Date of Award

Spring 2022

Document Type

Open Access Dissertation


Educational Studies

First Advisor

William Morris


Strong mathematics achievement is lacking in the United States, with motivation waning especially among mathematics and online students. Online mathematics students, in particular, struggle with self-regulation and self-efficacy (Kim, 2012; Sun & Rueda, 2012). Ryan and Deci (2017), in their well-established and empirical self-determination theory, contended that satisfying the psychological needs of autonomy (involving self-regulation), competence (involving self-efficacy), and relatedness (involving a sense of belonging) creates a suitable environment for integrated extrinsic and intrinsic motivation to thrive. The purpose of this action research was to create and implement a self-determination theory-based online unit on factoring polynomials for mathematics students at the school in this study to improve students’ motivation levels. The research questions aimed to identify changes in the levels of autonomy, competence, and relatedness of the participants as well as the effect on the factoring polynomials final assessment scores.

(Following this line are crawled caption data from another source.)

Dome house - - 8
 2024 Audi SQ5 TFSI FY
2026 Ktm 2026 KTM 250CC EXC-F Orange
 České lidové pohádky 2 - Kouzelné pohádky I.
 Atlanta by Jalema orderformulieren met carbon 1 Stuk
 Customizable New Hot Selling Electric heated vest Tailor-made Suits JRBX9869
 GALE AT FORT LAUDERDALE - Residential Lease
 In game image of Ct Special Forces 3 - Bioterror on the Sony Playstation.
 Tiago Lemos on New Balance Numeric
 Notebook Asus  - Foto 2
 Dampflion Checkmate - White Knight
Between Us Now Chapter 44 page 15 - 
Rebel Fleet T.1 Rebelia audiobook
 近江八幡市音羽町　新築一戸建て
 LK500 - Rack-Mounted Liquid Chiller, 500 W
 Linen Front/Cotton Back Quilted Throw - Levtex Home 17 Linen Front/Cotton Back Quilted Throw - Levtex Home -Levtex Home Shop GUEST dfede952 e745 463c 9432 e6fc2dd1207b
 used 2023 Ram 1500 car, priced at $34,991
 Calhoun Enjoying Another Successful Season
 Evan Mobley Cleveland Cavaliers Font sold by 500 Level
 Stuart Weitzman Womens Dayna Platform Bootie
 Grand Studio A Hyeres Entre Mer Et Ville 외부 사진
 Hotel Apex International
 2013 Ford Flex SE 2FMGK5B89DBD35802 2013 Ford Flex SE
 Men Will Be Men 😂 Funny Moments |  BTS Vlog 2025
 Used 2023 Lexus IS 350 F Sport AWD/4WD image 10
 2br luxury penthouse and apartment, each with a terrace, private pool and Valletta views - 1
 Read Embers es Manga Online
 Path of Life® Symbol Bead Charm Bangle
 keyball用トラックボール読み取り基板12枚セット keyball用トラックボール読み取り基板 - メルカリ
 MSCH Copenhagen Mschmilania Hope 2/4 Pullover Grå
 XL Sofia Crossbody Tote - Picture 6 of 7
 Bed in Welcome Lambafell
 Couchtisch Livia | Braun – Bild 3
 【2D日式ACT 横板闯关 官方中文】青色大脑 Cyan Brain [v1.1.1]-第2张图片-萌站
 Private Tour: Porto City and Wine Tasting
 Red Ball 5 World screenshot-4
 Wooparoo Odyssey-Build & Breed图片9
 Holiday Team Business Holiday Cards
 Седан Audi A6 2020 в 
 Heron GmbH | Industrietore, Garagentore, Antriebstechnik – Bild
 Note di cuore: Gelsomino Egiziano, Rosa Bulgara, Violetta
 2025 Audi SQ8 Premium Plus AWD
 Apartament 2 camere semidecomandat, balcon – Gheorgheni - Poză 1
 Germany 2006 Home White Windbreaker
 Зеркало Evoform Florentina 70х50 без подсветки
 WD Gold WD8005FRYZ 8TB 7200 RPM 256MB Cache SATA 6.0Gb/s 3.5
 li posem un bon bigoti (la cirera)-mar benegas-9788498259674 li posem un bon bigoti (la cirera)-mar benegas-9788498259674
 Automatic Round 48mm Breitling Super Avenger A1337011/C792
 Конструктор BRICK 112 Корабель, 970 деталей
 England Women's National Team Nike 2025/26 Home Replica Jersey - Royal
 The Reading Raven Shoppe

This action research study utilized a convergent mixed methods design. The Algebra 2 course provided a purposive sample (n = 50) for this online school in the northeastern United States. The intervention, a factoring polynomials unit built with supports for students’ autonomy, competence, and relatedness needs, replaced a unit in the Algebra 2 course. A pretest-posttest motivation questionnaire, a pretest-posttest content knowledge exam, and six student interviews were used as data collection methods. Quantitative data were analyzed with descriptive and inferential statistics. Inductive analysis was used to analyze the qualitative data and identify emergent themes. The results indicated a significant increase in competence after completing the intervention unit in both the quantitative and qualitative data. While no significant increase in autonomy or relatedness were evident in the quantitative results, the qualitative findings showed some support for improved autonomy and strong support for improved relatedness.

The results revealed that the design components for competence in the intervention unit supported participants’ perceptions of self-efficacy with optimal challenge. Specifically, check buttons with correctness and informative feedback, prior knowledge information with check for understanding questions, and chunking the content with appropriate scaffolding throughout the lessons provided an environment for competence to thrive. Recommendations, implications, and limitations of the study are given.